- [Material supplied]:
◆ ◆ ◆ ◆ ◆

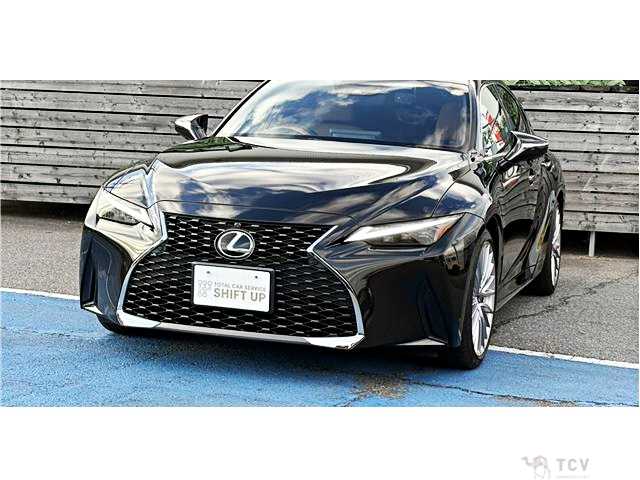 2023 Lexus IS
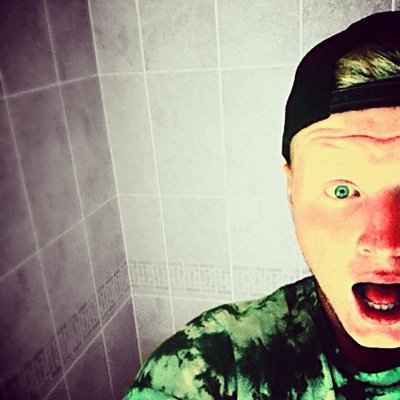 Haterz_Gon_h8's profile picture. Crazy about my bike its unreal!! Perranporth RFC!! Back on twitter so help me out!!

◆ ◆ ◆ ◆ ◆

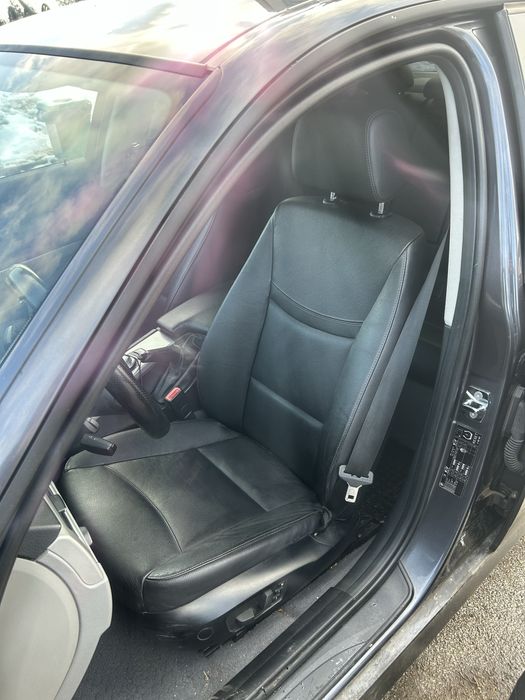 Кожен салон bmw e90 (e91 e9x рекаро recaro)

◆ ◆ ◆ ◆ ◆

- [Requirement]:
Leave the pictures out, and transcribe exactly the lines above starting at the one that contains "2023 Lexus IS" and ending at the one that contains "Haterz_Gon_h8's profile picture.".

- [Solution]:
 2023 Lexus IS
 Haterz_Gon_h8's profile picture. Crazy about my bike its unreal!! Perranporth RFC!! Back on twitter so help me out!!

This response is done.